Current state: Under Discussion
Discussion thread: here[TODO]
JIRA: here
Please keep the discussion on the mailing list rather than commenting on the wiki (wiki discussions get unwieldy fast).
Each partition in broker maintains a list of the 5 most recent appended batches as producer state for each producerId (a.k.a PID). If a producer fails to receive a successful response and retries the produce request, broker can still return the offset of the successful append from the maintained cache via `RecordMetadata`. The maintained cache per producerId per partition in broker instance consumes lots of memory which causes OOM in production and it is not necessary to always provide client the offset of already appended batch in response.
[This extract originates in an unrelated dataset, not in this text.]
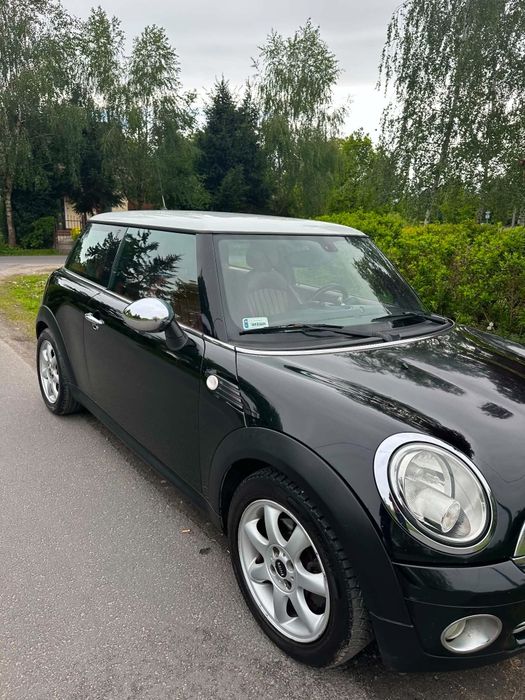 Mini Cooper R56 2009r Czerwone wnętrze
Therefore, this KIP proposes to only maintain one latest appended batch write so that both memory usage for producer state and the complexity to manage it are reduced on the broker side.
Existing producer configuration max.in.flight.requests.per.connection with default value of 5 will be obsolete eventually. We will define a duplicate sequence range threshold in broker side as max.in.flight.sequence.number.per.connection. Broker will treat all sequence number smaller than (accounting overflow) "latest appended sequence" but within max.in.flight.sequence.number.per.connection as already appended and duplicate from producer request. All sequence number outside of this range will be treated as future sequence number which haven't been appended or allocated from producer request. We will define this configuration default value large enough so that producer won't be able to have more than this amount of inflight sequence numbers.
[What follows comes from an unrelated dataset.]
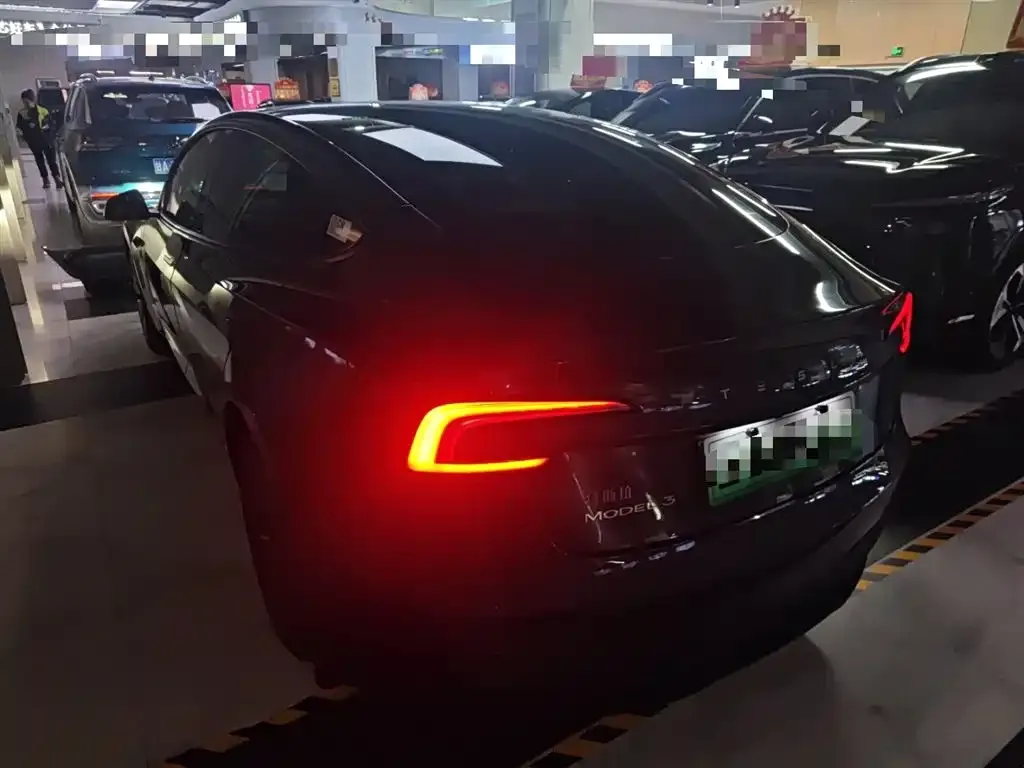 Tesla Model 3 2025 из CN, фото 4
Producer needs keep a same value of max.in.flight.sequence.number.per.connection decided by broker. When producer starts up, it sends API request to broker. Broker will piggyback the value of max.in.flight.sequence.number.per.connection on API response to producer.
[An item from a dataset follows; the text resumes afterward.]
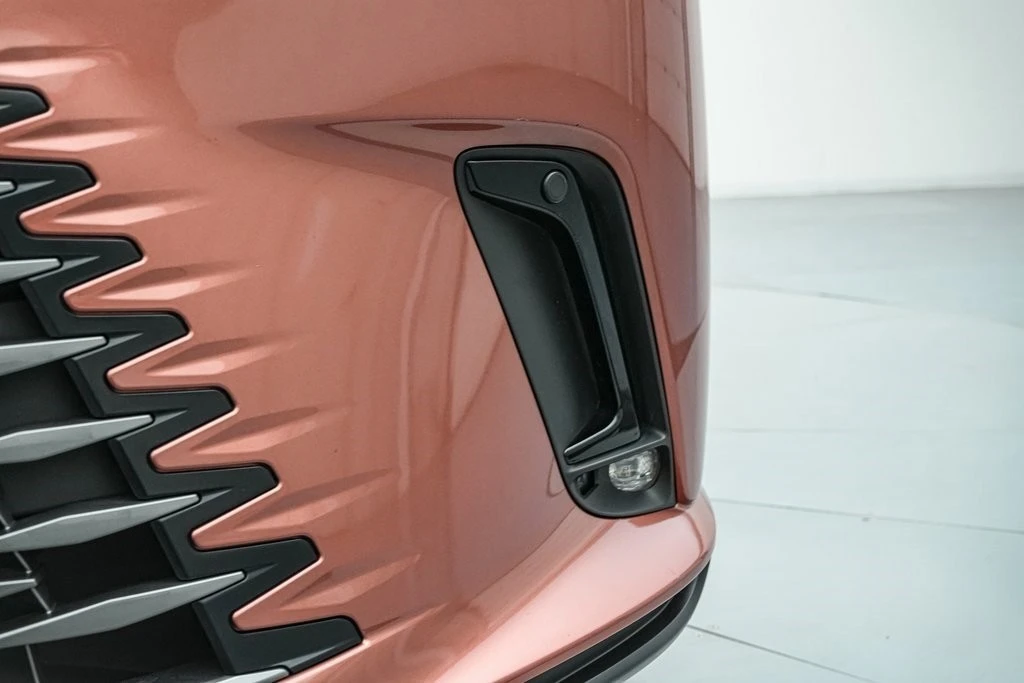 2023 Lexus RX 5th Gen - Image 15 of 21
The broker will only maintain the latest appended batch's sequence/offset for each producerId instead of 5 recent appended batches. The broker will only accept incoming batch request in sequence order so that it can guarantee any sequence number equal or less than the latest sequence will be durable.
When the sequence number reaches Int.MaxValue, client can wraparound starting from 0 again.
On broker side,
On Producer side,
When clients receive DUPLICATE_SEQUENCE_NUMBER, it will discard it and move on as before.
When clients receive OUT_OF_ORDER_SEQUENCE, it will handle as before - retry the send request.
When producer and broker agree on the max.in.flight.sequence.number.per.connection value and producer throttles write accordingly, broker can make sure within the red range below "latest appended sequence number" are duplicate and within the green range above "latest appended sequence number" are future sequences not appended yet. We also need to make sure the red range and green range don't overlap each other, so the maximum value for max.in.flight.sequence.number.per.connection cannot exceed 2^30. On the other hand, the threshold of max.in.flight.sequence.number.per.connection should never throttle the customer workload at all in real world. Based on different factors like max payload size, max socket buffer size, compaction rate and etc. we come up with a default value of 10 million as max possible sequence number inflight that should not hit in extreme cases.
With this proposal, restriction on max.in.flight.requests.per.connection can be removed and we don't depend on number of inflight request batches to throttle write. Broker won't provide offset along with a DUPLICATE_SEQUENCE_NUMBER error response except for duplicate with latest appended batch. This feature needs document that the user won't expect the offset is always reported in `RecordMetadata` response. We will obsolete max.in.flight.requests.per.connection and introduce new configuration max.in.flight.sequence.number.per.connection in both broker & producer to control the inflight writes.
Mechanism may be needed to tell whether a broker supports the new duplicate detection logic, like bumping the Produce API version so that a client can tell whether the broker it talks to is an old version (a.k.a. limit to 5 inflight sequence number) or new version (has max.in.flight.sequence.number.per.connection to set back in producer) upon communication.
We will also deliver/migrate this feature in phases:
There is no rejected alternatives. However, we thought about bumping producer epoch to solve the sequence ID wraparound issue so that we don't need to take an arbitrary large enough threshold number like 10 million. There are couple of concerns with this approach:
Based on above concerns, we decided to start with the default wraparound solution.